Sheryl Sandberg says to lean in, but we cannot do it all. I try to. Words for the living, speak for the living. Move the needle. Raise the children. The kids have seen the process from the outside, but do not understand my inner being. When they came into the world, I was working as a blue-collar laborer, and they do not comprehend the progression. My kids drive me crazy. Kids require attention and thought, time and effort, and money, oh so much money. But the money means little in comparison to time and attention. Writing doesn’t bring in money directly. I write as part of my job, requiring time and effort. More spoons.

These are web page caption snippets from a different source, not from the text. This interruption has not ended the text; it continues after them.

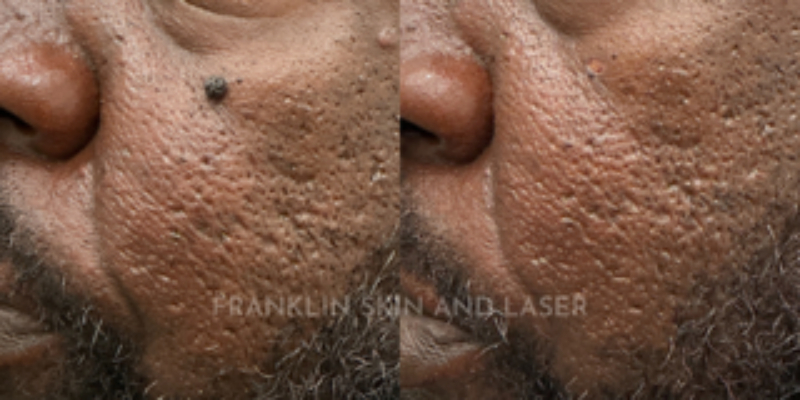 Mole Removal Before & After Image
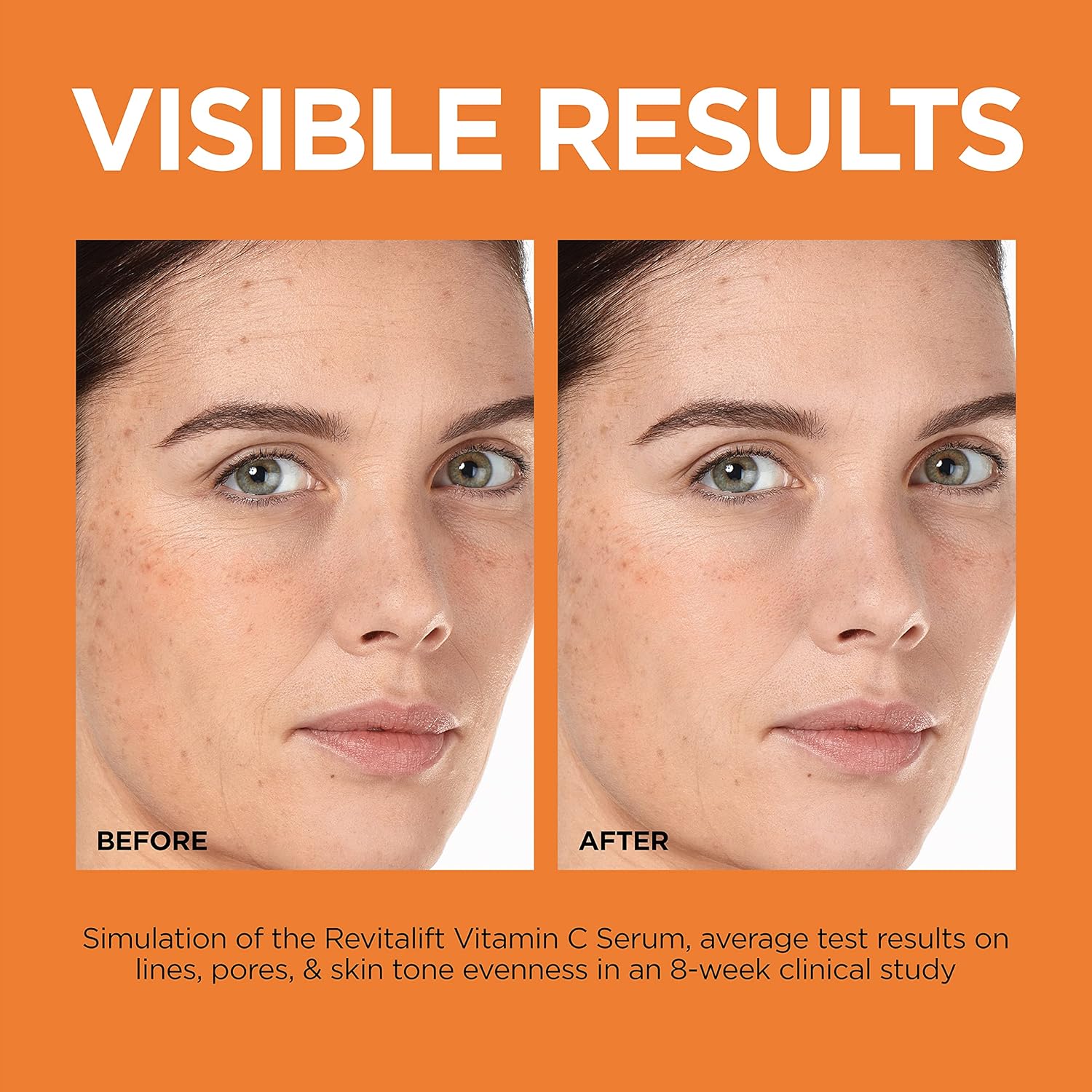 L'Oreal Revitalift 12% Pure Vitamin C Serum, Vitamin E, Salicylic Acid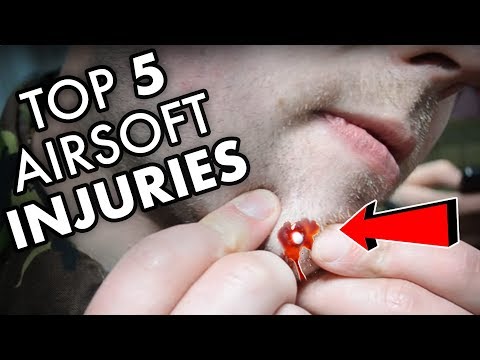 TOP 5 WORST AIRSOFT INJURIES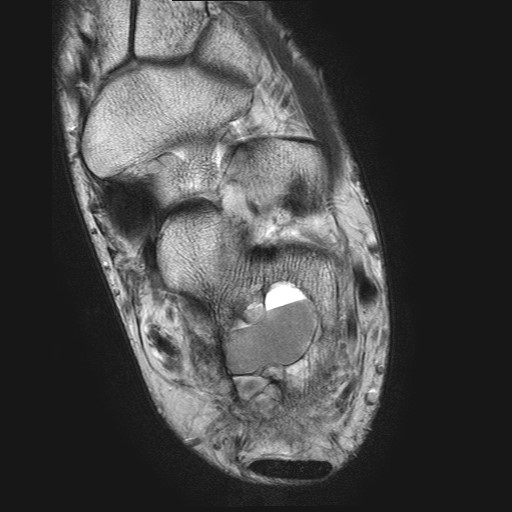 File:Aneurysmal bone cyst of the calcaneus (Radiopaedia 60669-68420 Axial T2 14).jpg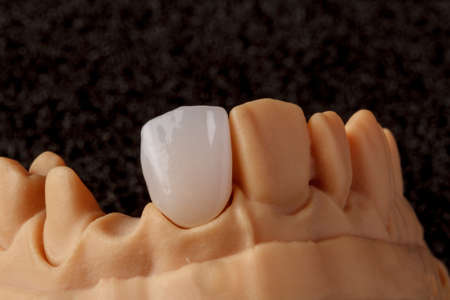 Dental implant. Restoration of teeth. Dental surgeon. Dental laboratory. Dental clinic. Implants of...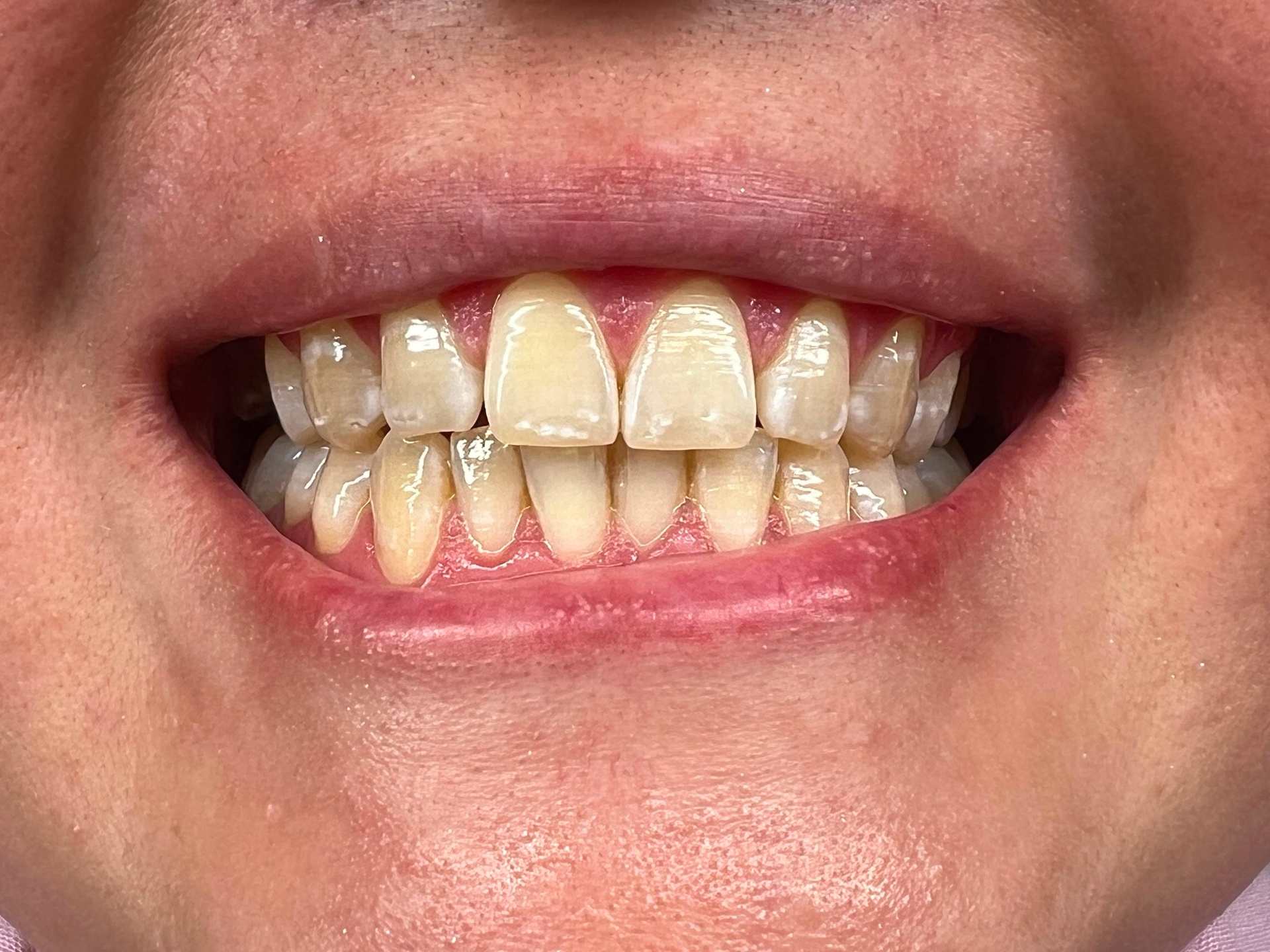 Nachher – Zahnbleaching, Behandlung im Valora Medical Center Leipzig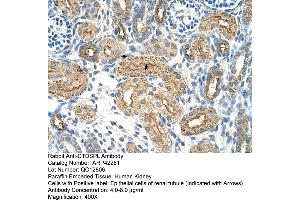 Rabbit Anti-CTDSPL Antibody  Paraffin Embedded Tissue: Human Kidney Cellular Data: Epithelial cells of renal tubule Antibody Concentration: 4. (CTDSPL Antikörper  (N-Term))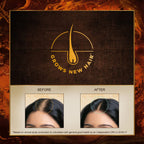 Indulekha Bringha Oil 250 ml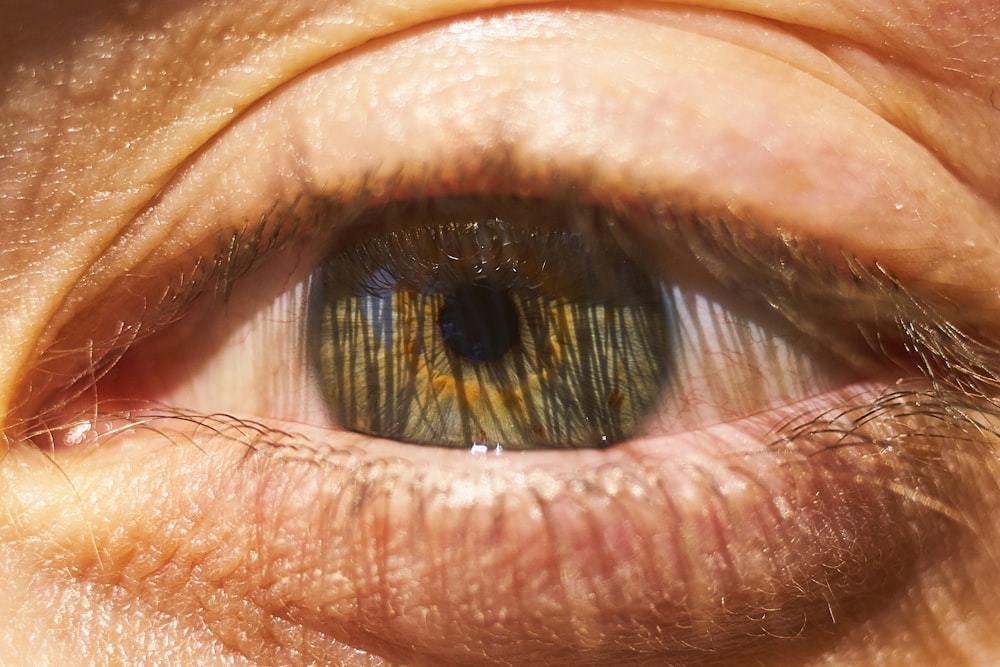 persons eye with green eyes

At the center of all this, I have a conflict. I want to write, and I want to be a great parent for my kids, but time is finite. I don’t have the time to do it all. Writing consumes so much time. Not just getting the ink on the paper, but the editing. I spend hours and hours editing, revising, rewriting. I have to double-check the facts, make charts, and source images. All the while, I must earn money to keep all of this afloat. There must exist an imbalance. Life is full of imbalances. Writing is an especially heavy weight. Other activities can be made lighter by allowing the kids to join in. Watching sports can be done together. In choosing to be an imperfect parent and missing some things, I’m also balancing the short-term, the intermediate term, and the long-term. I cannot be a servant parent. I cannot ignore them. I make sacrifices. I have made sacrifices. There are some things I let Cris handle; if I didn’t have her, so much would be left undone. More sacrifices. These are things I’m willing to forgo for my writing; this is not a statement a mother could necessarily say. Yet, in their early childhood, do I have guilt?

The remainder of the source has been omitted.